Proviamo a fare chiarezza sulla nuova cialtronata targata M5S

Intervista a LUIGI MARATTIN
La cialtronata della settimana è la bufala della “moneta francese in Africa”. In altri paesi, se dici sciocchezze del genere vieni cacciato a forza di risate dal dibattito pubblico. Da noi, vai in prima serata su RaiUno sommerso dagli applausi.

Proviamo a fare chiarezza?

È VERO CHE CI SONO PAESI AFRICANI CHE USANO LA MONETA FRANCESE?

No. Ci sono 14 paesi africani (tra l’altro non tutte ex-colonie francesi, ma anche spagnole e portoghesi) che, a loro volta divisi in due zone diverse, usano due monete diverse. Entrambe sono emesse da banche centrali africane.

E QUINDI CHE C’ENTRA LA MONETA FRANCESE?

Nulla, anche perché una “moneta francese” non esiste più da 20 anni.

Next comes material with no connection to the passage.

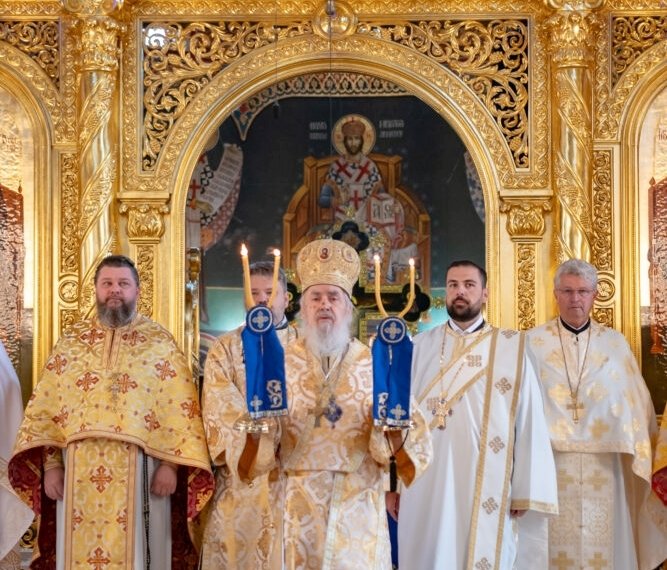 Hirotonie de preot la Catedrala Arhiepiscopală din Arad 309370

Le due monete di cui sopra sono semplicemente legate all’euro da un rapporto di cambio fisso con l’euro (come ne esistono vari, ad esempio quello che ha la Bosnia).

CHI BENEFICIA DALL’AVERE UN CAMBIO FISSO CON L’EURO?

La scelta tra cambio fisso e flessibile non è mai univoca e permanente: dipende dalle circostanze e dal contesto economico. Se sei un paese in via di sviluppo (e se sei legato ad una moneta forte e stabile) è probabile che tu ne tragga parecchio beneficio, perlomeno finché non hai rafforzato la tua economia.

PERCHÉ?

Perché non sei esposto alle fluttuazioni della tua moneta debole che impattano sia sull’economia reale (tramite esportazioni e importazioni) sia sulla stabilità finanziaria (tramite il cambiamento del valore dei debiti in valuta estera). O meglio, sei molto più protetto (perché ora “importi” la stabilità della moneta a cui sei legato). E poiché nei paesi in via di sviluppo sia l’economia reale che quella finanziaria sono fragili, ogni cosa che ne limiti la debolezza è benvenuta (fatti salvi i rischi che ha il sistema dei cambi fissi quando c’è troppa divaricazione tra cicli economici di economie mature, come sappiamo fin dalla caduta di Bretton Woods nel 1971; ecco perché nel lungo periodo è certamente auspicabile un ritorno ai cambi flessibili, cosa che del resto ognuno di quegli Stati può fare subito, se lo vuole).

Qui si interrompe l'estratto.